You swim and photograph in some pretty rough sea conditions. So, speaking of process, where does that confidence come from? Especially when you consider that you’re also holding a camera, fiddling with settings, trying to position, etc.
I think the confidence comes from experience. In comparison to people like Mickey Smith and Jack Johns - they are super confident and they swim in really heavy water - I have always been a pretty calculated person, which is a blessing and curse. I would love to be more like Jack, where he has such confidence in heavy water, and I admire that. For whatever reason, he can do that. But I am definitely more calculated.

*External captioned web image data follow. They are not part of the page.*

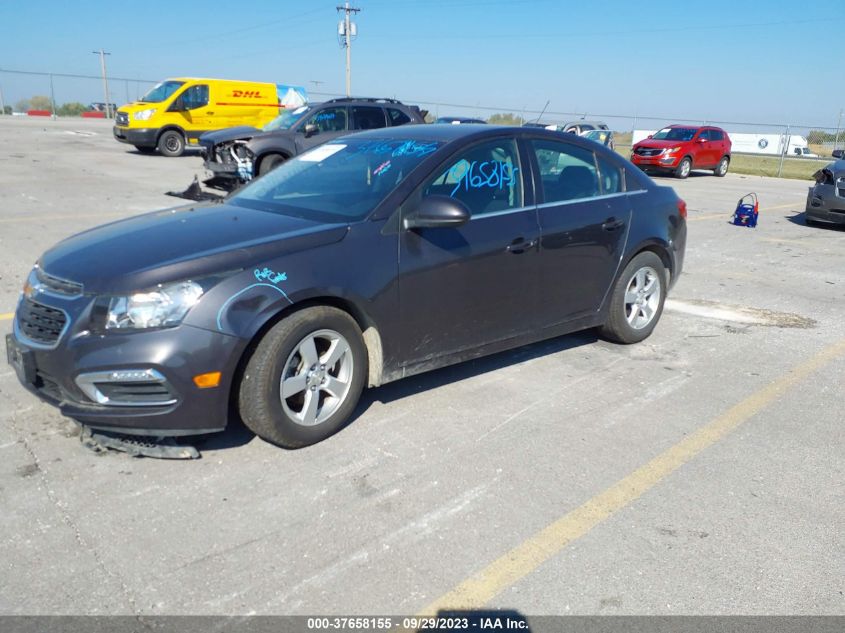 2015 CHEVROLET CRUZE LT - 1G1PC5SB3F7216001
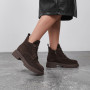 Жіночі зимові коричневі черевики Allsy 219305 9286L2-1 BROWN 6470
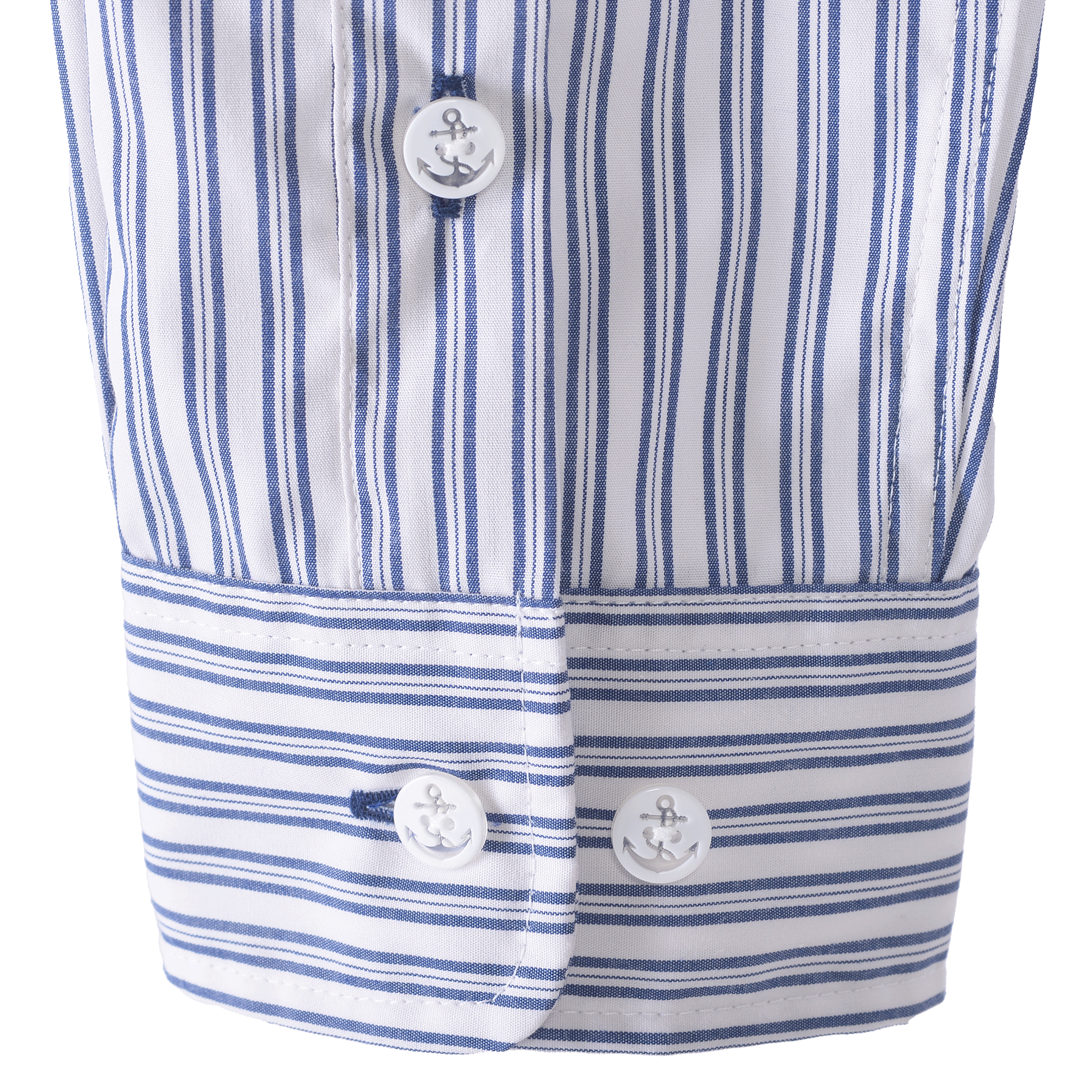 Striped long-sleeved button-down shirt 25224030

I suppose, growing up bodyboarding… I know Jack and Mickey and a lot of the crew shooting in the water are ex-bodyboarders. We like to hang around in that zone in the wave. All surfers do, but with bodyboarders they are drawn more to those heavier, slabbier waves. I was not crazy like the rest of the guys, but you still spend a lot of time in that area.
So, the transition from getting rid of the bodyboard to holding a water housing; you could still use the swim fins. You’re already programmed. You’ve been there before in these places, you have seen it hundreds of times. You have seen your friends in crazy positions on waves as you are paddling out, your body knows what it is like to be there. So being there with a camera, you are just pressing the button in a way!
“There is a higher chance you are going to want to protect nature if you are connected to it.”
But it’s not all about capturing massive heavy surf for you anyway. Is there a kind of storytelling or message behind your more artistic photography?
For me, it’s another reason to do water photography… It is kind of like a service. With Dawn Days and all the messages I got, you really realise how many people you touch; through creativity and a connection back to the natural world. Whether I am kidding myself or not, I always feel like you can shoot the sea, show its beauty and encourage others to be creative and to connect with it.
Not all the people in the city are disconnected, but it is harder to be connected to nature if you are not witnessing the beauty of it and being in and around it. So my challenge is, can I capture something really beautiful, then through prints or books, can we start to make a noise to inspire stewardship of the earth and the sea? There is a higher chance you are going to want to protect nature if you are connected to it.